**Prompt**.
Starting at the first line of the listing below, repeat each line exactly until the line containing "a woman wearing", which you include. Leave out pictures.

**Data shown**.
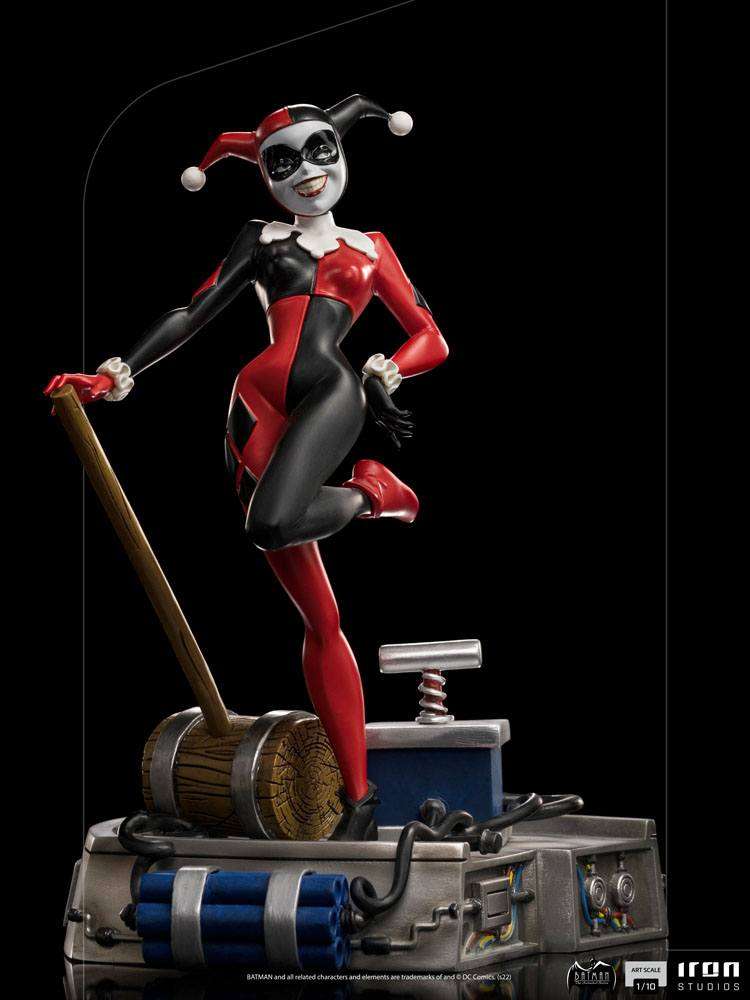 Iron Studios 1/10 Harley Quinn statue from Batman The Animated Series, featuring her iconic jester suit and mallet.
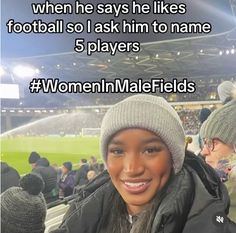 a woman wearing a beanie at a soccer game with the caption, when he says he likes football so i ask him to name 5 players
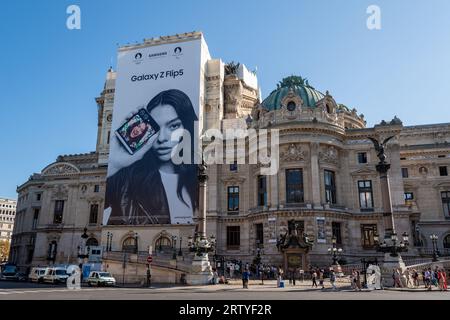 Grande cartellone pubblicitario Samsung Galaxy Z Flip5 che copre l'impalcatura dei lavori di ristrutturazione sulla facciata del Teatro dell'Opera di Parigi Foto Stock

**The answer**.
 Iron Studios 1/10 Harley Quinn statue from Batman The Animated Series, featuring her iconic jester suit and mallet.
 a woman wearing a beanie at a soccer game with the caption, when he says he likes football so i ask him to name 5 players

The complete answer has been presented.